BEGIN

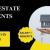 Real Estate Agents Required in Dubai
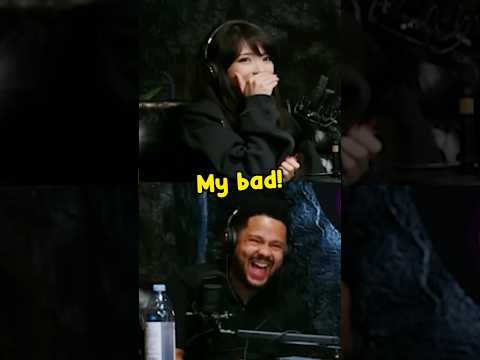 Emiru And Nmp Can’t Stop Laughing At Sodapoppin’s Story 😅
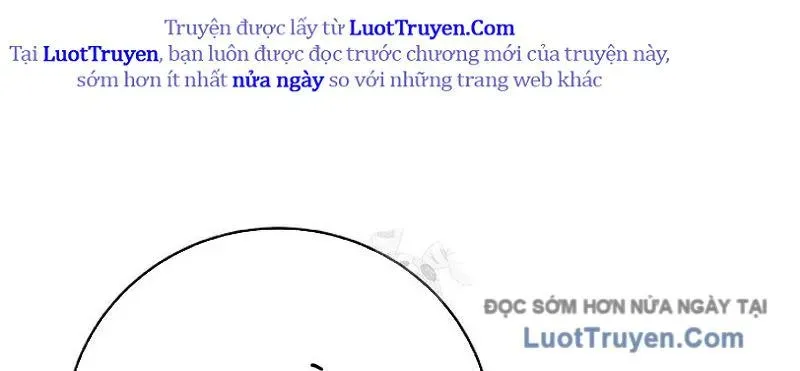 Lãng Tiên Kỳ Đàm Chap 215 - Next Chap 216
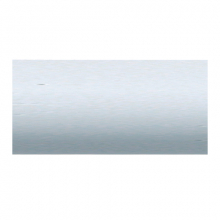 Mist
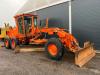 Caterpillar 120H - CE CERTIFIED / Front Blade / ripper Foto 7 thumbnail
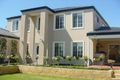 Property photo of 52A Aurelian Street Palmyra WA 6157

END
BEGIN

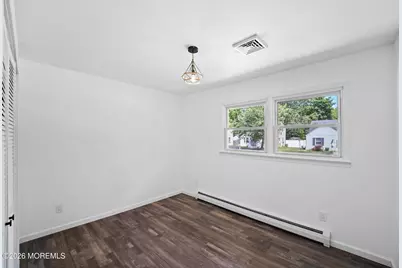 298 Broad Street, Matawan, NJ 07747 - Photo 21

END
BEGIN

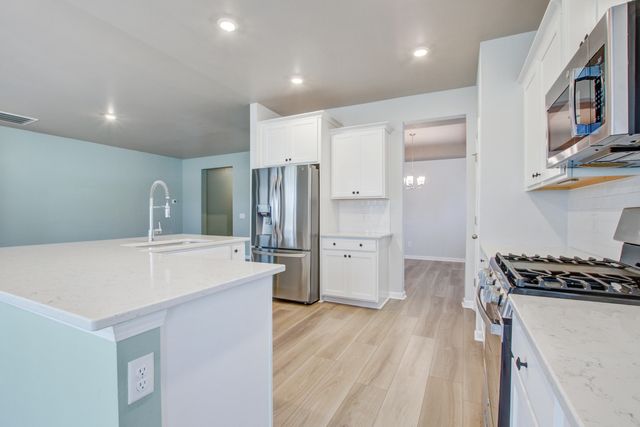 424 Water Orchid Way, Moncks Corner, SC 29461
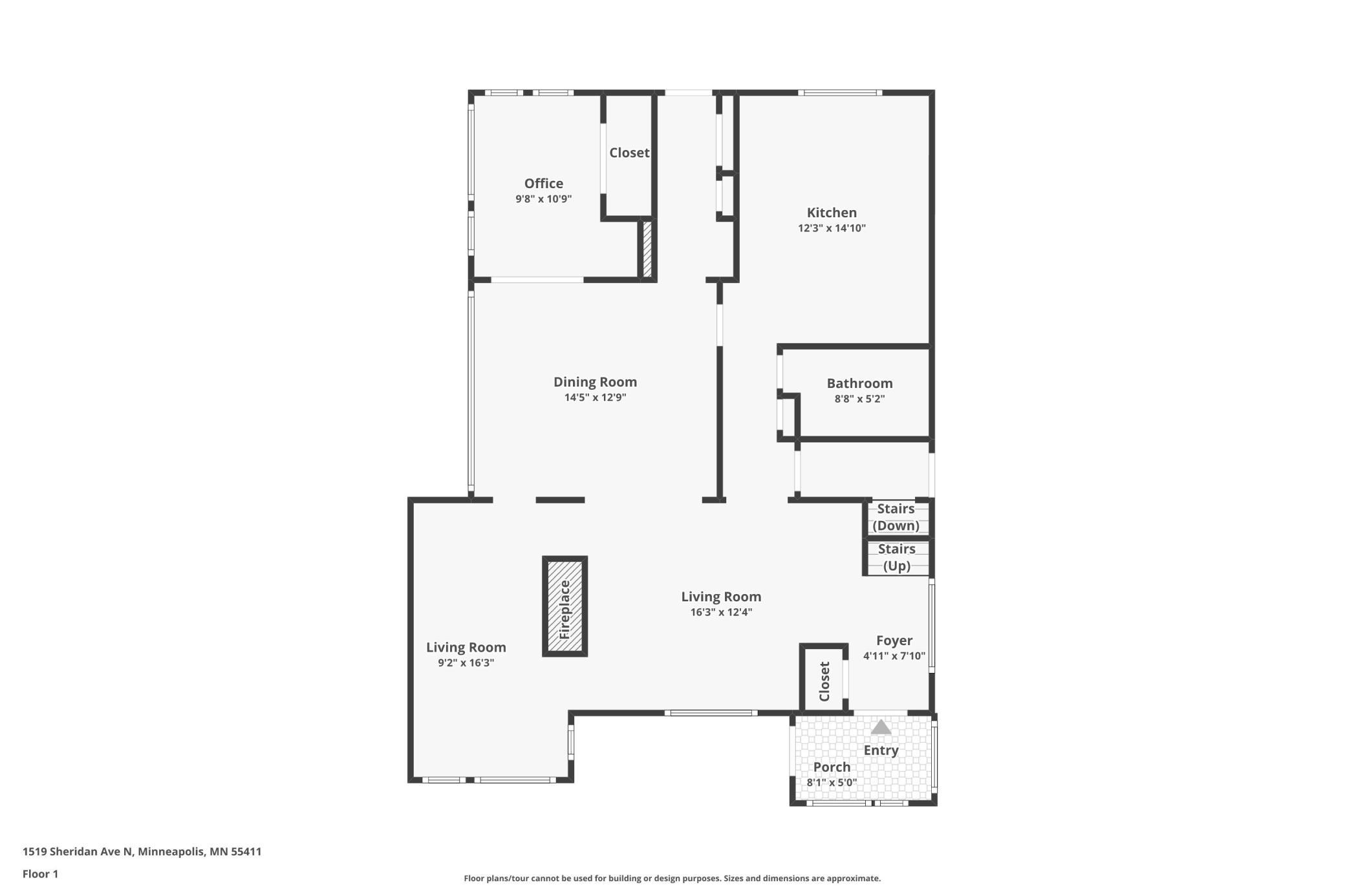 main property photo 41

END

After locating the line containing "Emiru And Nmp" in the entries above, return it and every line after it exactly, ending at the line containing "Property photo of", without pictures.

Exercise output:
 Emiru And Nmp Can’t Stop Laughing At Sodapoppin’s Story 😅
 Lãng Tiên Kỳ Đàm Chap 215 - Next Chap 216
 Mist
 Caterpillar 120H - CE CERTIFIED / Front Blade / ripper Foto 7 thumbnail
 Property photo of 52A Aurelian Street Palmyra WA 6157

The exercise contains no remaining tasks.